Protection contre le licenciement : preuve d’un motif étranger, même en cas de réorganisation

Le 23 juin 2017Fin du contrat

Dans un arrêt du 21 février 2017, la Cour du travail de Bruxelles se prononce sur la régularité du licenciement d’un travailleur jouissant d’une protection spéciale contre le licenciement, qui a été licencié dans le cadre d’une réorganisation.

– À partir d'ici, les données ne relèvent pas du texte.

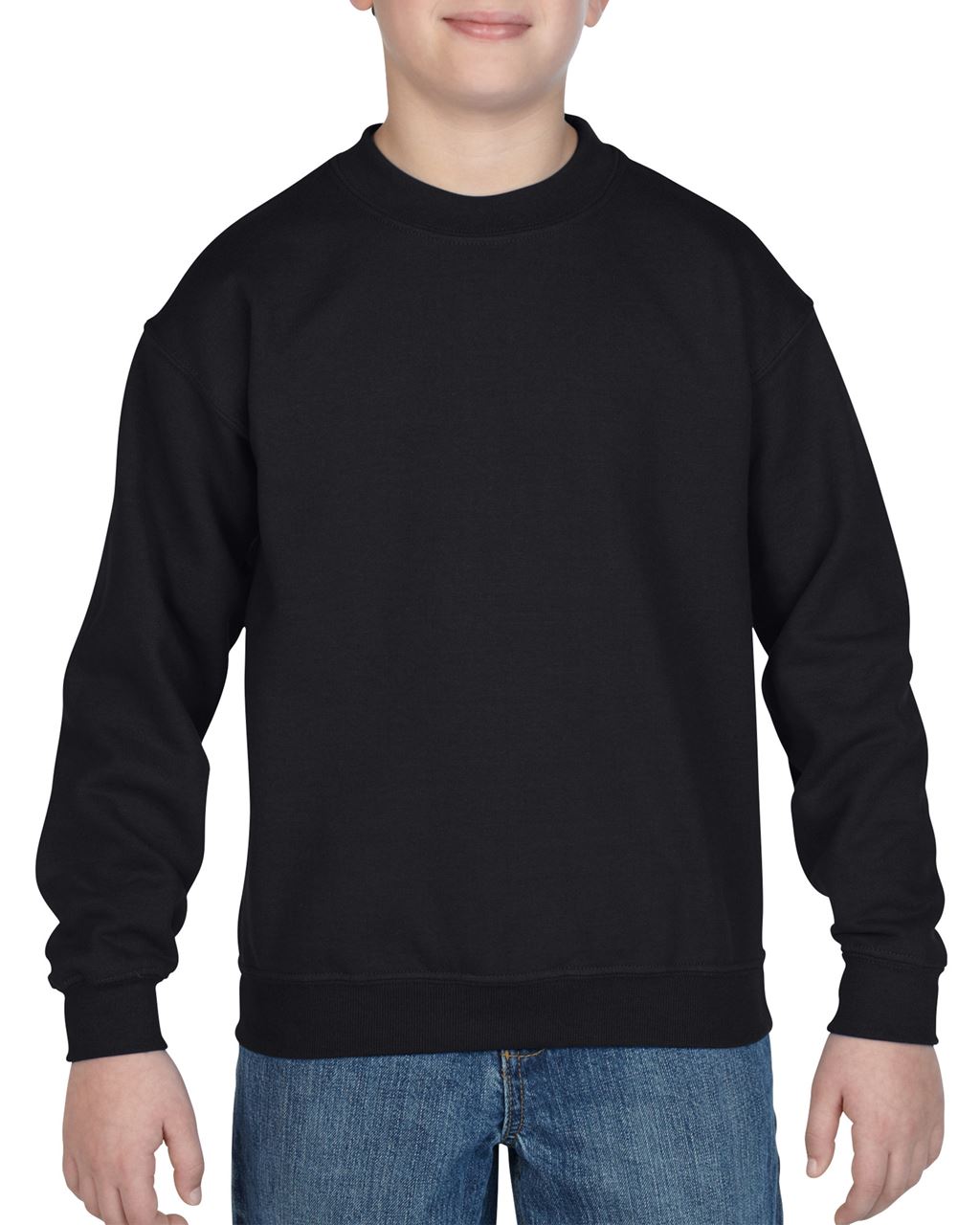 Gildan Heavy Blend™ Youth Crewneck Sweatshirt mikina - Gildan Heavy Blend™ Youth Crewneck Sweatshirt mikina - Black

La Cour du travail décide que, si l’employeur démontre bien la réalité de la réorganisation, il échoue à prouver la raison pour laquelle c’est ce travailleur qui a été licencié et non un de ses collègues. Par conséquent, l’employeur est condamné à lui payer une indemnité de protection correspondant à 6 mois de rémunération. 

1. Les faits

Une travailleuse informe son employeur de son état de grossesse. Par conséquent, elle jouit d’une protection spéciale contre le licenciement et l’employeur doit, en cas de licenciement, être mesure de prouver un motif étranger à sa grossesse.

Trois mois plus tard, la travailleuse est licenciée dans le cadre d’une réorganisation, à l’occasion de laquelle son département est fusionné avec un autre département de l’entreprise. Un de ses collègues peut, lui, rester en service.

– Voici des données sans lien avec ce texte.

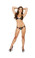 Roma Costume 2PC Halter Bikini Set - Rainbow Zig Zag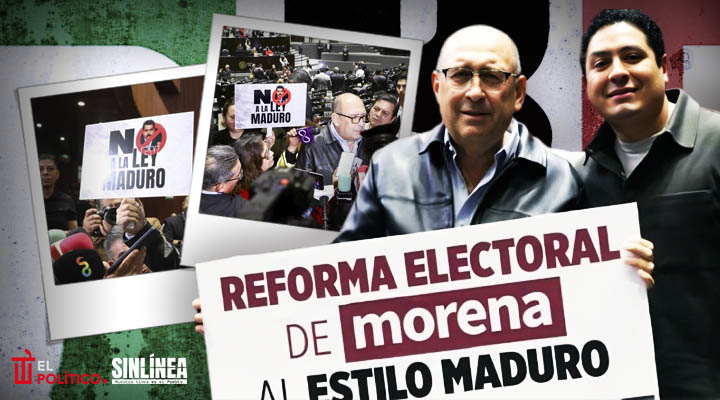 Priistas protestan contra propuesta de reforma electoral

La travailleuse soutient avoir été licenciée en raison de sa grossesse, et demande l’indemnité de protection forfaitaire égale à 6 mois de rémunération.

2. Décision de la Cour du travail

La Cour reconnaît l’existence des difficultés financières de l’entreprise et de la réorganisation, à l’occasion de laquelle il a été procédé à une réduction significative du personnel.

Cependant, selon la Cour, ces éléments seuls ne suffisent pas à justifier le licenciement d’un travailleur jouissant d’une protection spéciale contre le licenciement.

Le choix de licencier uniquement ce travailleur, tandis que ses collègues peuvent continuer à être occupés, doit également être justifié.

En l’espèce, l’employeur soutenait que la collègue de la travailleuse protégée faisait preuve d’une meilleure connaissance des langues et avait un meilleur dossier. Ces allégations n’étaient toutefois pas étayées par des éléments de preuve objectifs.

Dès lors, la Cour du travail conclut que l’employeur n’apporte pas la preuve que le licenciement repose sur des motifs étrangers à la cause de la protection contre le licenciement et condamne l’employeur au paiement d’une indemnité de protection.

Que retenir ?

Un travailleur qui jouit d’une protection spéciale contre le licenciement (par exemple, en raison de la grossesse, de l’exercice du droit au crédit-temps, etc) peut être régulièrement licencié pour des raisons qui sont étrangères au motif de la protection spéciale contre le licenciement. Des raisons économiques, comme une réorganisation, peuvent justifier un tel licenciement.

Néanmoins, la simple réorganisation ne suffit pas toujours, à elle seule, comme motif de licenciement L’employeur doit en outre encore pouvoir prouver un motif étranger à la cause de la protection, lui permettant de justifier son choix de licencier le travailleur protégé, si seul un nombre limité de travailleurs est concerné par la réorganisation.

Source : C. trav. Bruxelles, 21 février 2017, R.G. n° 2014/AB/1136, inédit.